Starting with the line that has "Fleischklopfer Buchenholz mit 2 Metallkappen" in the records below and stopping after the line that has "SIL Artisanal Smudge", output every line exactly and nothing else; skip pictures.

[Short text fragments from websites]
● ● ●

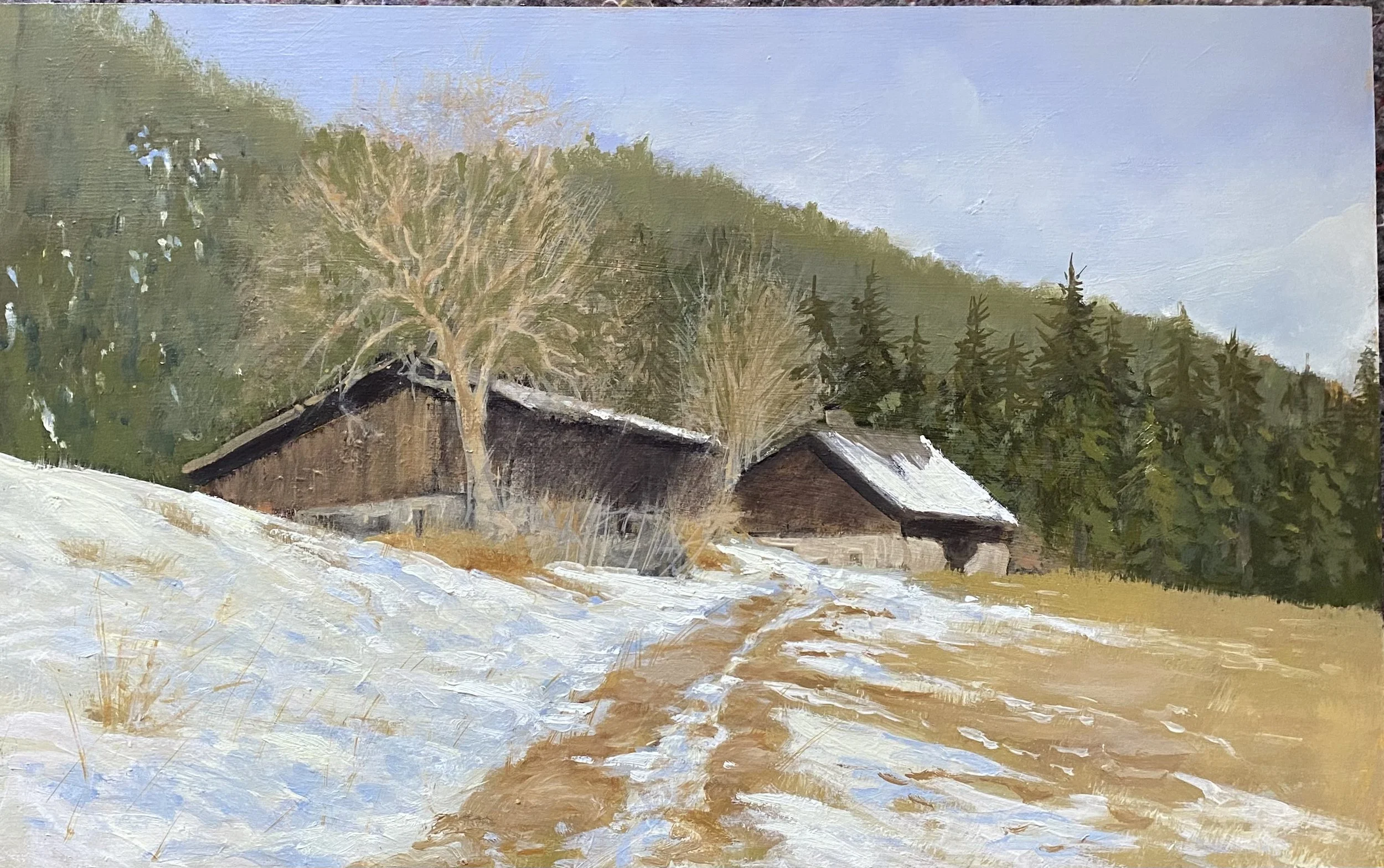 Couleurs de printemps a Charousse. 25 x 40cm
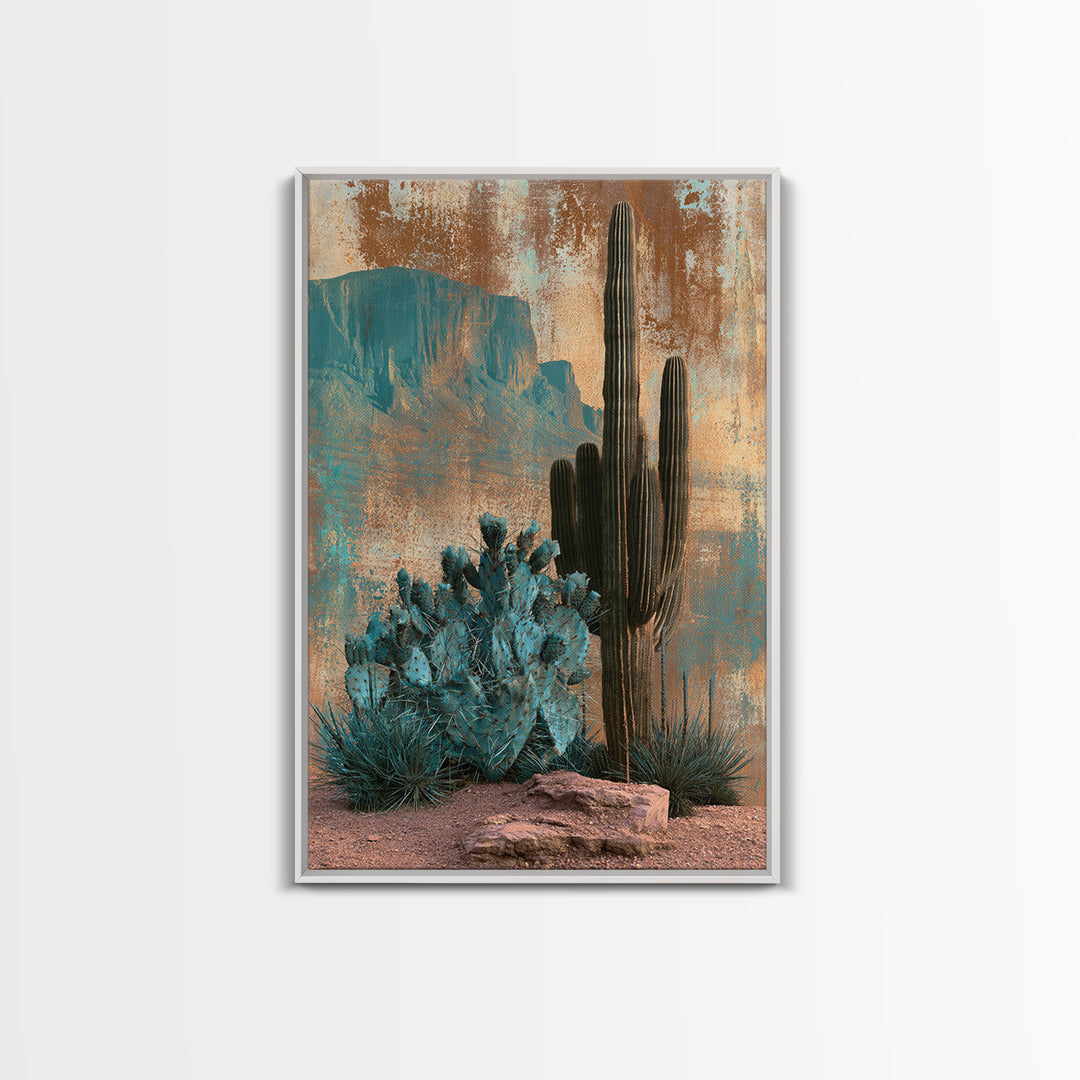 Cactus Botanical Plate Canvas Print, Desert Art, Oil Painting, Southwestern Decor, Watercolor Art, Desert, Bedroom Wall Art, DES-2x3-40
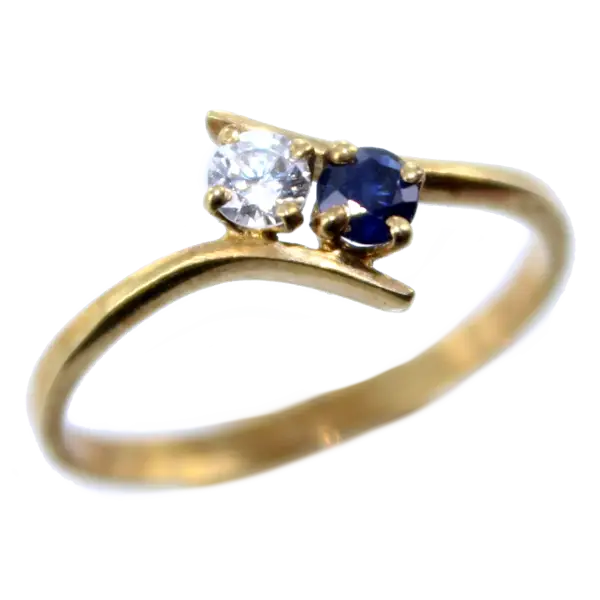 Gold Ring with Blue and White Gemstones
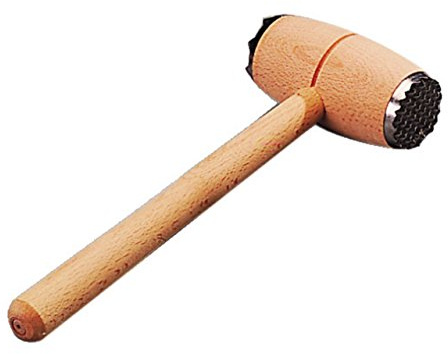 Fleischklopfer Buchenholz mit 2 Metallkappen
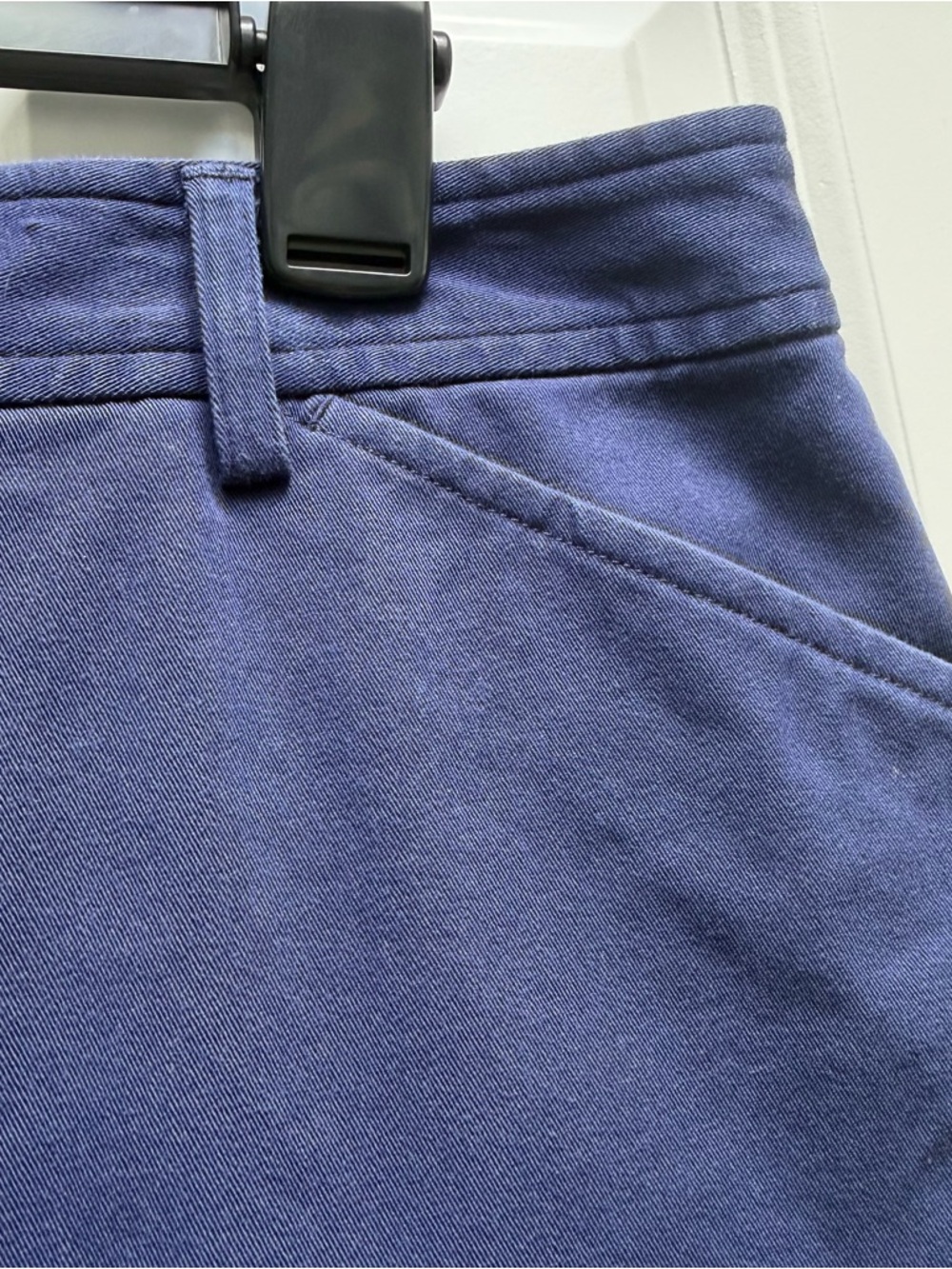 LAUREN RALPH LAUREN KNEE LENGTH PENCIL SKIRT NAVY 10 COTTON SNAP ZIP CLOSURE - Picture 3 of 10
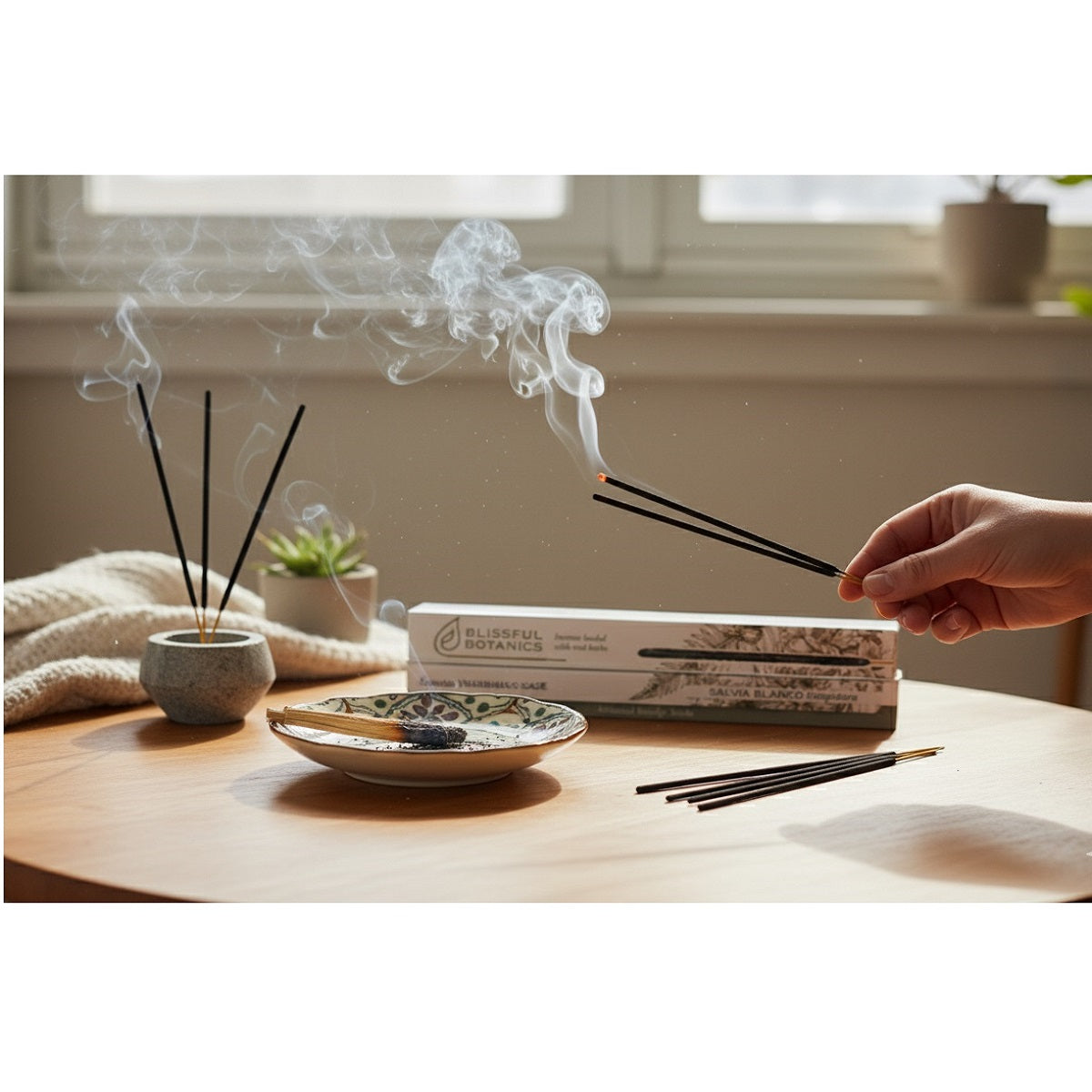 SIL Artisanal Smudge Incense Sticks Assorted 23.5cm x 5cm x 2cm Pack of 8 FR1855 | Incense Loaded with Real Herbs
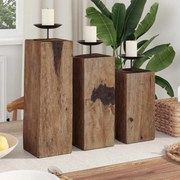 vidaXL Suporte de Velas 3 pcs Natural Madeira recuperada maciça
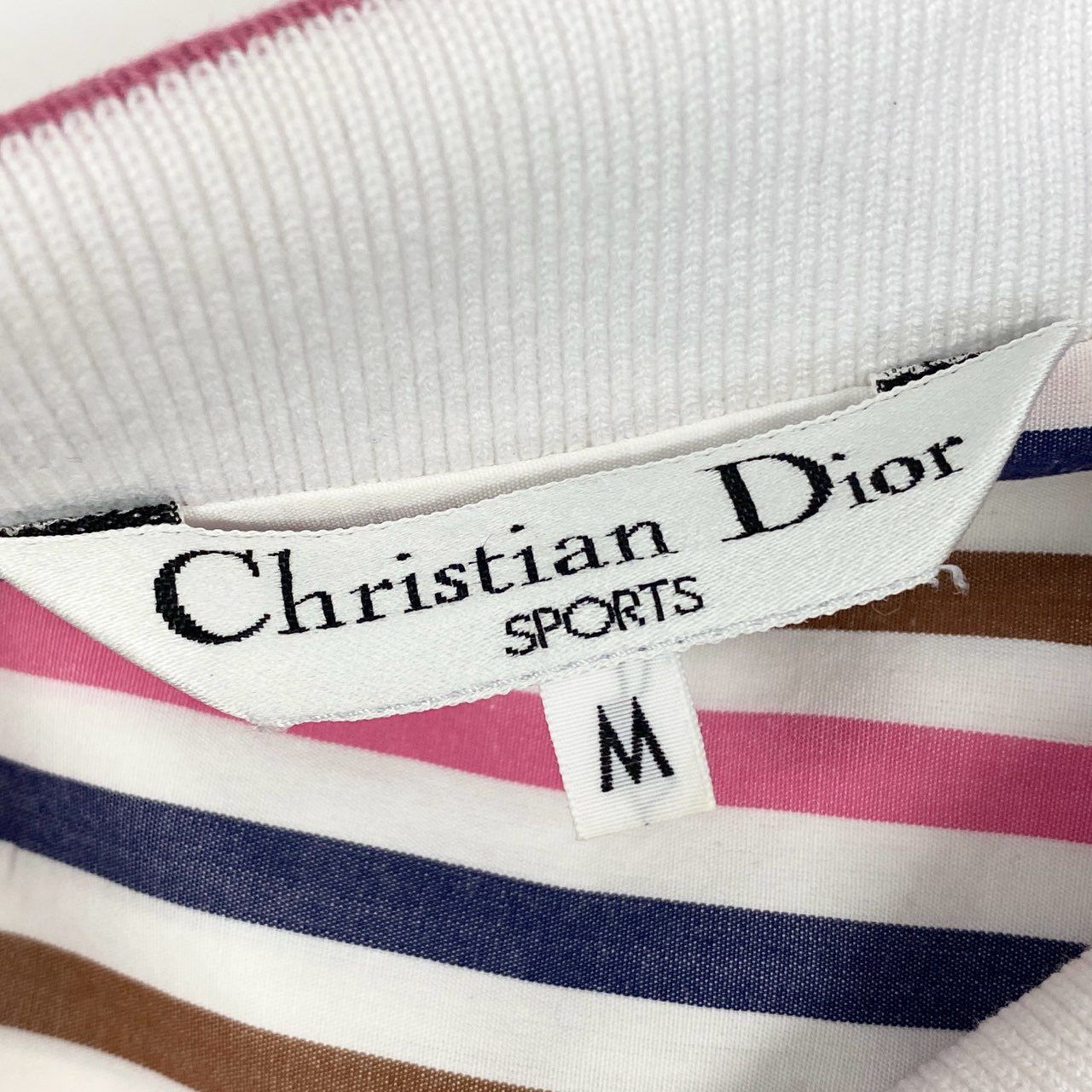 42a23 Christian Dior クリスチャンディオール 半袖シャツ トップス エンブレム刺繍 M マルチカラー ストライプ レディースu02t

● ● ●

*EXERCISE OUTPUT*
 Fleischklopfer Buchenholz mit 2 Metallkappen
 LAUREN RALPH LAUREN KNEE LENGTH PENCIL SKIRT NAVY 10 COTTON SNAP ZIP CLOSURE - Picture 3 of 10
 SIL Artisanal Smudge Incense Sticks Assorted 23.5cm x 5cm x 2cm Pack of 8 FR1855 | Incense Loaded with Real Herbs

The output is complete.